## PROBLEM STATEMENT:
All records shown below should be given again, character for character.

## DATA FOR THE TASK:

_ _ _ _ _ _ _

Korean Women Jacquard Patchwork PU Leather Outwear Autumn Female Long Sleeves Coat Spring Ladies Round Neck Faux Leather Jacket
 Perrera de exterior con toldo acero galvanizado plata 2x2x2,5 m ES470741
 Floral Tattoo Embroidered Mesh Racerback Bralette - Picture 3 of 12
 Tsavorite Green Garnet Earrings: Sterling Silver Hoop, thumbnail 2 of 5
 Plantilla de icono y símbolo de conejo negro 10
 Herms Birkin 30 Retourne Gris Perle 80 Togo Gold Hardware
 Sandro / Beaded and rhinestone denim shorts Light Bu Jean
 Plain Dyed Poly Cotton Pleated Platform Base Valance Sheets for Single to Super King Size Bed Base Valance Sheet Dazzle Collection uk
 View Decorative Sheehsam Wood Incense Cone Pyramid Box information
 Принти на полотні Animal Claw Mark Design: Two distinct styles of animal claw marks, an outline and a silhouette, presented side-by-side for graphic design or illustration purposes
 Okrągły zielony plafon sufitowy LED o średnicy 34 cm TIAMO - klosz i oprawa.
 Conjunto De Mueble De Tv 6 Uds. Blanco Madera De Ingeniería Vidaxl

_ _ _ _ _ _ _

## RESULT OF THE EXERCISE:
Korean Women Jacquard Patchwork PU Leather Outwear Autumn Female Long Sleeves Coat Spring Ladies Round Neck Faux Leather Jacket
 Perrera de exterior con toldo acero galvanizado plata 2x2x2,5 m ES470741
 Floral Tattoo Embroidered Mesh Racerback Bralette - Picture 3 of 12
 Tsavorite Green Garnet Earrings: Sterling Silver Hoop, thumbnail 2 of 5
 Plantilla de icono y símbolo de conejo negro 10
 Herms Birkin 30 Retourne Gris Perle 80 Togo Gold Hardware
 Sandro / Beaded and rhinestone denim shorts Light Bu Jean
 Plain Dyed Poly Cotton Pleated Platform Base Valance Sheets for Single to Super King Size Bed Base Valance Sheet Dazzle Collection uk
 View Decorative Sheehsam Wood Incense Cone Pyramid Box information
 Принти на полотні Animal Claw Mark Design: Two distinct styles of animal claw marks, an outline and a silhouette, presented side-by-side for graphic design or illustration purposes
 Okrągły zielony plafon sufitowy LED o średnicy 34 cm TIAMO - klosz i oprawa.
 Conjunto De Mueble De Tv 6 Uds. Blanco Madera De Ingeniería Vidaxl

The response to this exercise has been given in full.